Papers presented by Owen James Hyman since 2019
2020 Charlotte, North Carolina
"Collaboration and Dispossession: The Creation of NASA’s Space Technology Laboratory"
Owen Hyman, University of Mississippi
Abstract:
On Halloween, 1961, Senator John C. Stennis announced the creation of NASA’s Space Technology Laboratory on the lower Pearl River in southwest Mississippi. His appeal to the hundreds of families who would soon be displaced by the proving grounds for Saturn V booster rockets emphasized the need to beat the Soviets to the Moon and the promise of economic development through high-tech investment. Lost in his narrative of an emerging aerospace industry was the fact that the Corps of Engineers had already established a confidential appraisal for all of the land in the site’s 250 square-mile buffer zone. In the $24 billion Apollo Program, the cost for real estate was the one expense NASA and the Corps could fully control. This paper argues the defining feature of the Space Technology Laboratory for those dispossessed by its founding was not rocket science, but instead the activity the Corps identified as the highest and best use for their property: pulpwood harvesting.
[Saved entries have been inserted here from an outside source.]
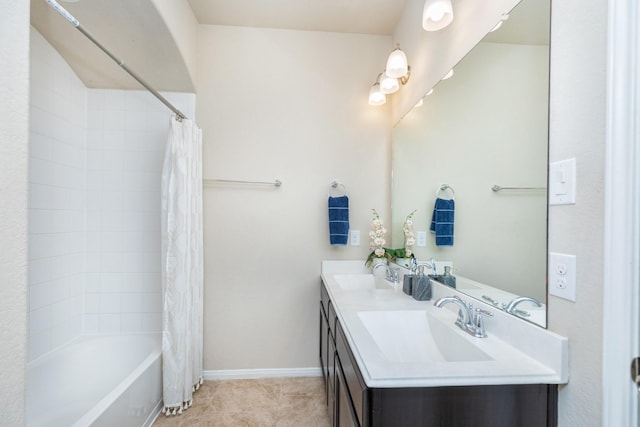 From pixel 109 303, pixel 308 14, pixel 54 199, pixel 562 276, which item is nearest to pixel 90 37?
pixel 54 199

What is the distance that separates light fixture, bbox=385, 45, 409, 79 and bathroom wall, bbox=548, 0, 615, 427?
3.47 ft

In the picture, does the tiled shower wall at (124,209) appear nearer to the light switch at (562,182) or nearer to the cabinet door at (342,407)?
the cabinet door at (342,407)

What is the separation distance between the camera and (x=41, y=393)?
178 cm

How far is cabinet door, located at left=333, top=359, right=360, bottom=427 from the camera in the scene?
103 cm

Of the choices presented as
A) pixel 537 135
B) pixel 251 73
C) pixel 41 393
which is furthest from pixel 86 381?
pixel 537 135

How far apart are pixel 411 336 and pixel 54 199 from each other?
243 cm

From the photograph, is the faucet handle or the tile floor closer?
the faucet handle

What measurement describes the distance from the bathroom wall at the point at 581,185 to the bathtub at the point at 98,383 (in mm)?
1805

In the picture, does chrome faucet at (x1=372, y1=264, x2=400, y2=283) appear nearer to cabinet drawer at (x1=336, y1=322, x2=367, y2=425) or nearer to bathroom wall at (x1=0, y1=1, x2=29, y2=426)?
cabinet drawer at (x1=336, y1=322, x2=367, y2=425)

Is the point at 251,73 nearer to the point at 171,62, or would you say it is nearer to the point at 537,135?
the point at 171,62

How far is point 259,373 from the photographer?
2.31 m

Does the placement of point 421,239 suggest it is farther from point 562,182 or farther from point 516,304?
point 562,182

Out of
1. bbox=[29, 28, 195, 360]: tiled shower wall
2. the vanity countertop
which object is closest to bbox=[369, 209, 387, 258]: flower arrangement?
the vanity countertop

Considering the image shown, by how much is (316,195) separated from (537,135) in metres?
1.62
The Corps collaborated with local appraisers to consistently deny replacement-values for families who had been living on the same land for generations, even as they witnessed their towns dismantled and converted into industrial forests. This burden fell disproportionately upon African American communities with deep ties to the region’s historic lumber industry. For the pulp and paper manufacturers operating there, the new facility meant business as usual with an even greater access to resources. As my work shows, a focus on the science and technology of the space program—one of the key elements of the post-World War II Sunbelt economy—obscures the low-wage, low-tech pulpwood work that persisted in its shadow. Moreover, it hides a pattern of dispossession and discrimination black families faced in southwest Mississippi as well as at other NASA facilities such as the Johnson Space Center in Houston.